Introduction
Tantivy is a full-text search engine library written in Rust, designed as a Lucene-equivalent for the Rust ecosystem. It provides fast indexing and querying of text, numeric, and geo-spatial data, and can be embedded directly into applications without running a separate search server.
What Tantivy Does
- Indexes and searches text documents with BM25 scoring and term-level queries
- Supports boolean, phrase, range, regex, and fuzzy search queries
- Handles numeric, date, faceted, and IP address field types
- Provides concurrent indexing with near-real-time search visibility
- Offers Python bindings via the tantivy-py package for cross-language use
Architecture Overview
Tantivy stores data in segments, each containing an inverted index, column store, and positional data. Writes go to an in-memory segment that is periodically committed to disk. A merge policy compacts segments in the background. Searches fan out across segments and merge results. The architecture avoids global locks, allowing concurrent reads and writes. The storage format uses memory-mapped files for efficient I/O, and the codec compresses posting lists with bitpacking and SIMD-accelerated decoding.
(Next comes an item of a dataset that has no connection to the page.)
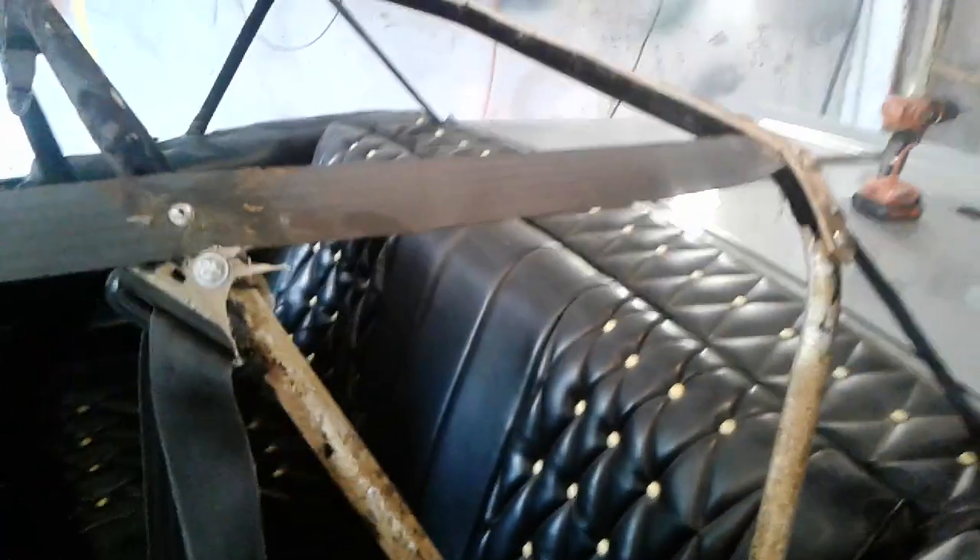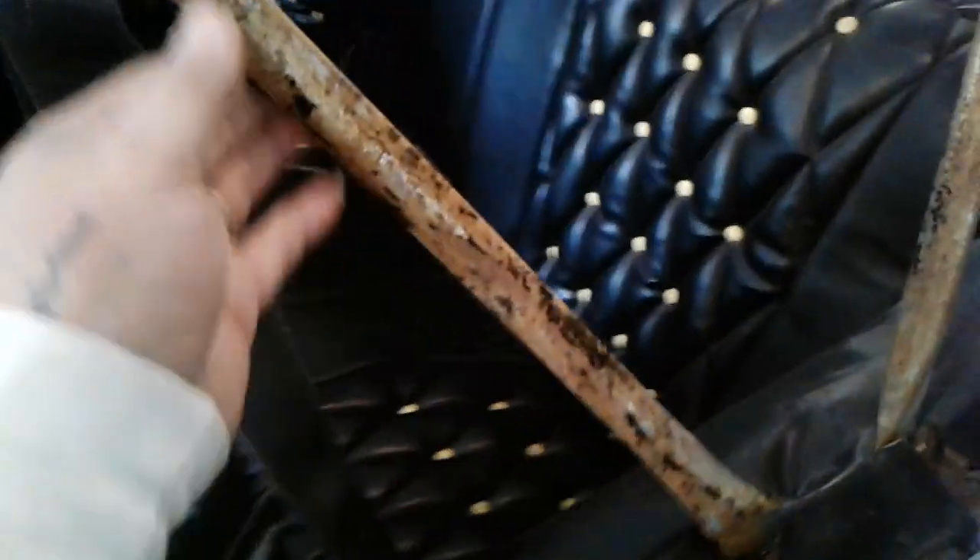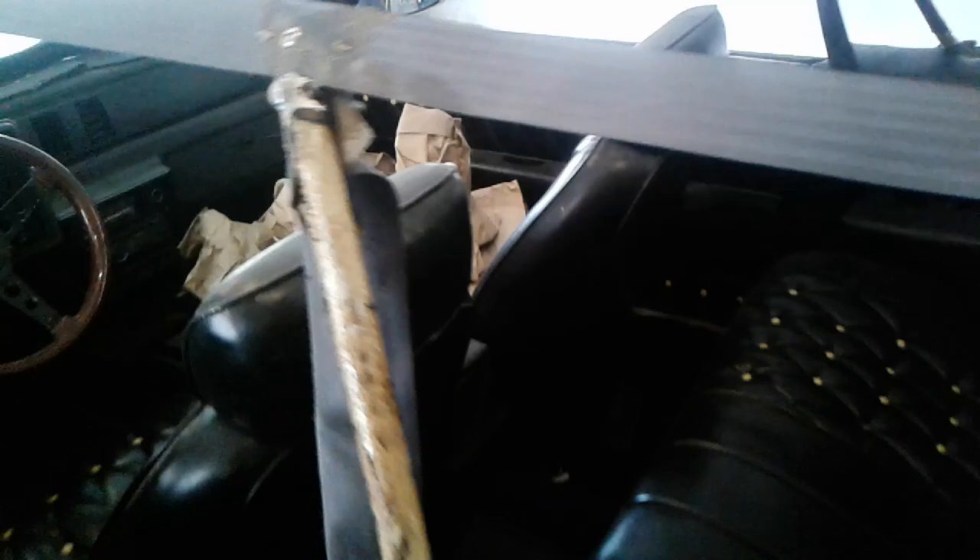Somebody did this pretty good — these bars are pretty good and whoever did it knew what they were doing. This is pretty old. The paperwork said 86 on it but this is an 85.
Self-Hosting & Configuration
- Add
tantivyas a Cargo dependency for embedded use in Rust applications - Use
tantivy-pyfor Python integration via pip install - Configure schema with typed fields (TEXT, U64, F64, DATE, FACET, BYTES, IP)
- Set indexing parameters like heap size, merge policy, and commit frequency
- Deploy as part of your application binary with no external service dependencies
Key Features
- Written in safe Rust with no garbage collection pauses during indexing or search
- Single-node performance comparable to or exceeding Lucene for many workloads
- Supports configurable tokenizers including language-specific stemmers
- Provides snippet generation and search result highlighting
- Powers Quickwit, the distributed search engine, as its core indexing library
Comparison with Similar Tools
- Apache Lucene — the Java equivalent, mature and widely used but requires JVM
- Bleve — full-text search library for Go, similar embedded approach
- MeiliSearch — search server with REST API, not an embeddable library
- Elasticsearch — distributed search platform, much heavier for simple use cases
- Sonic — lightweight search backend but fewer query features and field types
FAQ
Q: Is Tantivy a search server like Elasticsearch? A: No. Tantivy is a library you embed in your application. For a distributed search server built on Tantivy, see Quickwit.
Q: Can I use Tantivy from Python? A: Yes. The tantivy-py package provides Python bindings for indexing and searching.
Q: How does Tantivy handle concurrent writes? A: Tantivy uses a single IndexWriter with configurable thread pools. Multiple threads can add documents concurrently, and commits make them searchable.
Q: Does Tantivy support distributed search? A: Tantivy itself is single-node. Quickwit builds distributed search on top of Tantivy for cluster deployments.